In conjunction, Siesbye’s ceramic works culminate her great skill and dexterity, while remaining in concentrated dialogue with clay, satiating weightlessness through the experience. Over the years, “she has perfected an intense dialogue with material, through ritual mastery of gesture. Rigour, repetition, and patience are marks of quality for this artist, who from the beginning, found inspiration in the cultures of Mesopotamia, Egypt, and Anatolia,” the Fondation conveys.
In conversation with clay, the artist spotlights the vitality and significance of water as a basis for erecting earth, just as it is in architecture, “Alev Ebüzziya Siesbye’s ceramics are curvaceous, thin-walled, wide-rimmed bowls that invite the viewer to contemplate the silence of the space held within,” they explain. A certain latency empowers and is embodied within each bowl, demonstrating “a paradoxical stance between grounded equilibrium and ethereal ascension,” they continue.
Placing the human at the centre of each endeavour, Jain exhibits Siesbye’s almost sensual, trance-filled pieces on a plinth made from miniature hand-fired bricks which are carefully assembled, each brick held with a mortar of finely powdered burnt clay mixed with lime and water.

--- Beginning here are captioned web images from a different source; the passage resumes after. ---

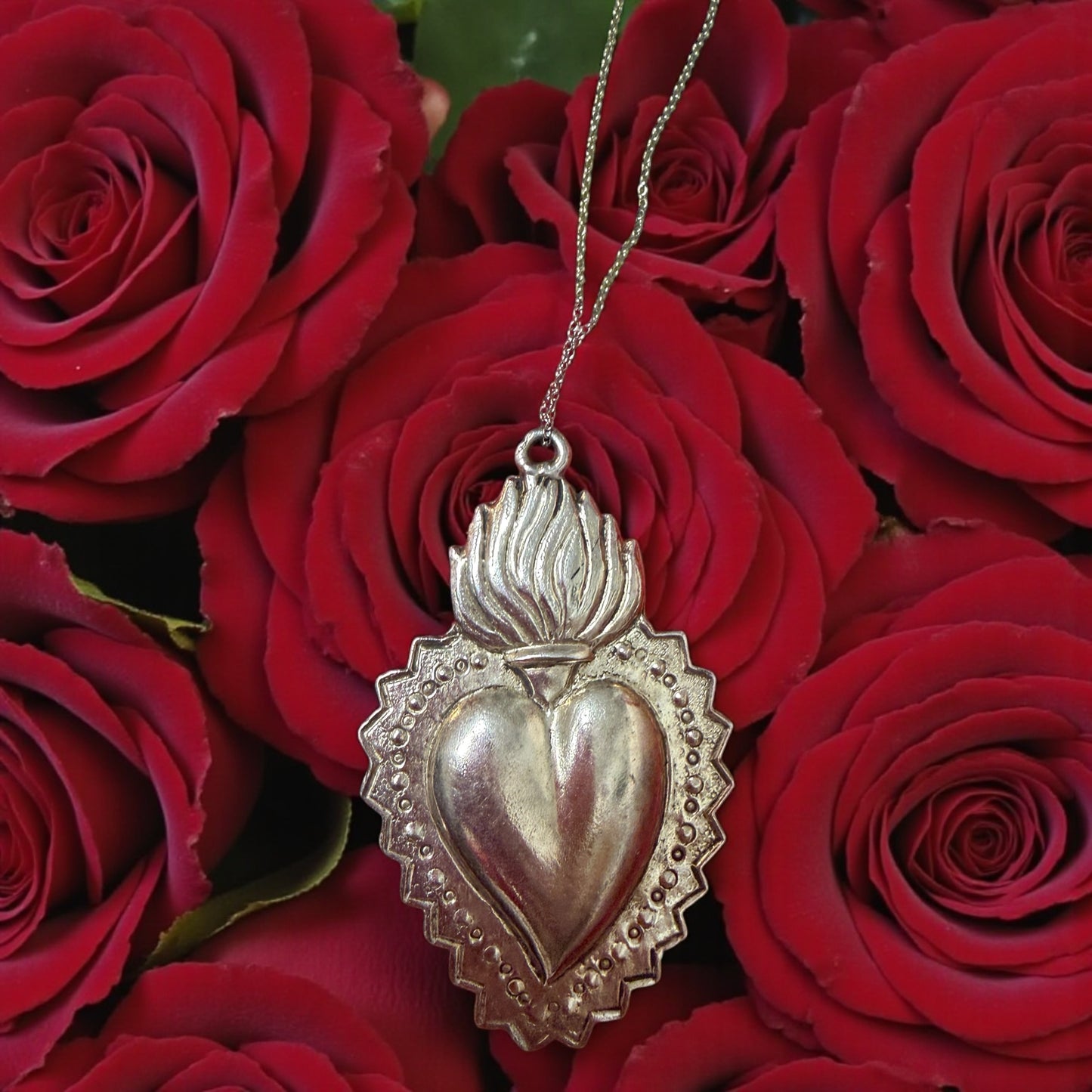 Grande pendente gioiello cuore sacro placcato argento con catena lunga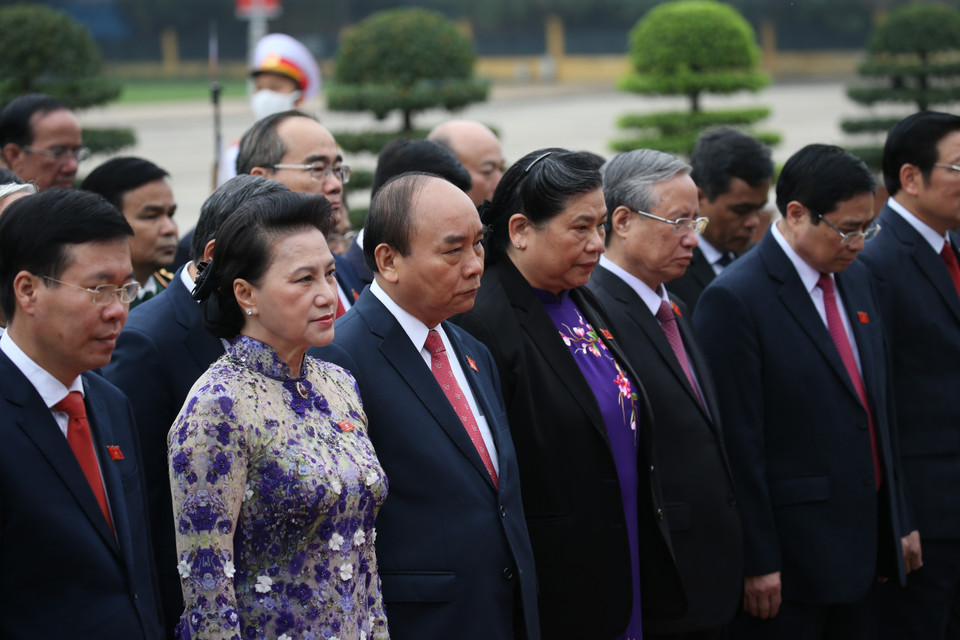 Thủ tướng Nguyễn Xuân Phúc, Chủ tịch Quốc hội Nguyễn Thị Kim Ngân và các Đại biểu Quốc hội tưởng nhớ Chủ tịch Hồ Chí Minh.(Ảnh: Dương Giang/TTXVN)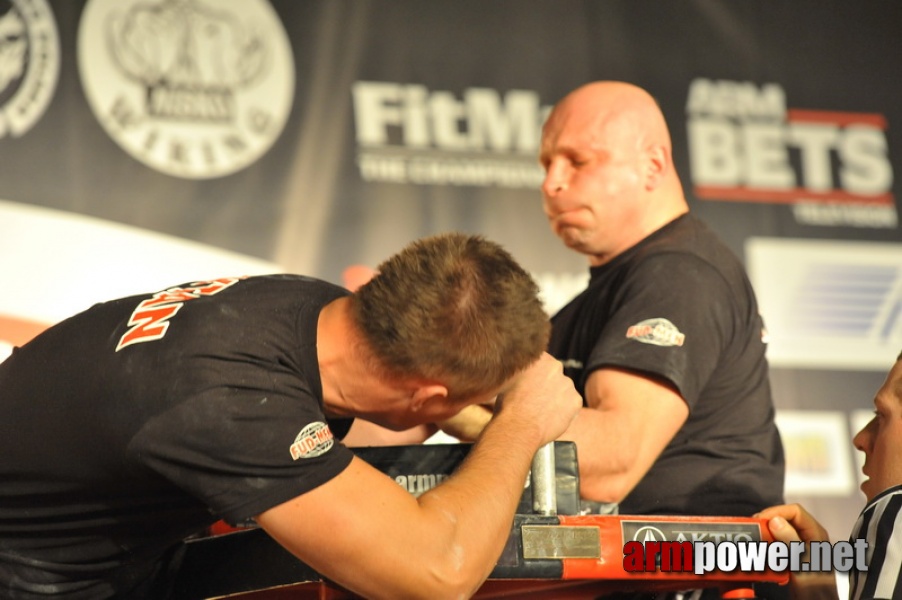 Mistrzostwa Polski 2011 - lewa reka # Siłowanie na ręce # Armwrestling # Armpower.net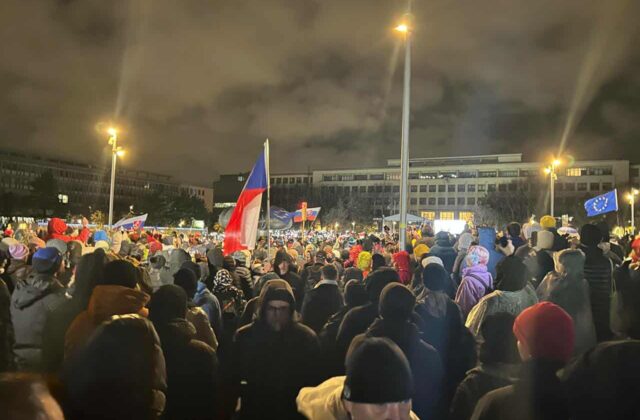 Na Námestí slobody v Bratislave sa zišli desiatky tisíc ľudí, dav skandoval „Dosť bolo Fica“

Bijoy Jain’s exhibition Breath of an Architect significantly broadens how we see architectural practice, providing another opportunity to question architecture as a paradigm for our relationship [with] the world. – Fondation Cartier pour l’art contemporain
Believing architecture succinctly shapes the world we live in, and as witnessed in the Breath of an Architect, Fondation Cartier’s programming has perpetually been conceived, to a certain extent, by keeping architecture in mind. It often requests and collaborates with global architects to design the architecture of its exhibitions: for instance, Mexican architect Mauricio Rocha conceived the exhibition design for the retrospective of Mexican photographer Graciela Iturbide, while Lina Ghotmeh (Lebanon) has been invited to imagine the exhibition of Olga de Amaral’s work, scheduled for 2024.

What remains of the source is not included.